19th-cent. colonial photographs: “Villager Selling Plaintains, c. 1890. Photo from exhibition catalogue: Robert Brown, et al., The Jeweled Isle: Art from Sri Lanka (Los Angeles: LACMA, 2018).
“Kandyan Chief,” Scowen & Co., c. 1880-90.
Photographs displayed on wall near entrance to the exhibition, with introductory label.
Reg van Cuylenburg, “Village Girls Bathing,” c. 1950-58.

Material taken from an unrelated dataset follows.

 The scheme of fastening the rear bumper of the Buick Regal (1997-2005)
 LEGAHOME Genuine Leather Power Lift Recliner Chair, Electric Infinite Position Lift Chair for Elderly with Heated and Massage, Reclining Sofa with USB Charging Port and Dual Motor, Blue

Much could be said about the ways that the exhibit portrays the deep integration of “Buddhist” and “Hindu” religious practices in the lives of Sri Lankans, providing a visual counter-narrative to one of the enduring legacies of British rule in South Asia—a taxonomy of knowledge that represented “world religions” such as Buddhism and Hinduism as tightly organized and exclusive systems of belief that closely aligned with other exclusivist racial/ethnic and linguistic categories (e.g., Buddhist/Sinhala and Hindu/Tamil). This integrative approach is apparent in the prominent display of a series of 17th-18th-century painted wood panels from the LACMA collection, which most likely served as window or door panels in a Sri Lankan Buddhist temple (their original provenance is unknown; they came to the museum as a donation from the actor James Coburn). These depict major gods associated with Indian Brahmanical religion and planetary deities, as well as devotees and powerful local spirits. As the gallery card notes: “Sri Lankan Buddhist practices often involve honoring various deities who were originally assimilated from popular, folk, and Indian traditions in order to undergird Buddhism’s relevance to the everyday lives and goals of worshippers … [who] seek protection and benefits in their present lives, and the gods found throughout Buddhist temple complexes in Sri Lanka aid their efforts.” The two panels depicted below show the popular elephant-headed god Ganesha, and probably Shakra (Indra), who figures prominently in Theravada accounts of the Buddha’s life; a demonic spirit (commonly depicted as fierce guardians in Buddhist temples) and a female devotee are depicted in the lower registers of each panel.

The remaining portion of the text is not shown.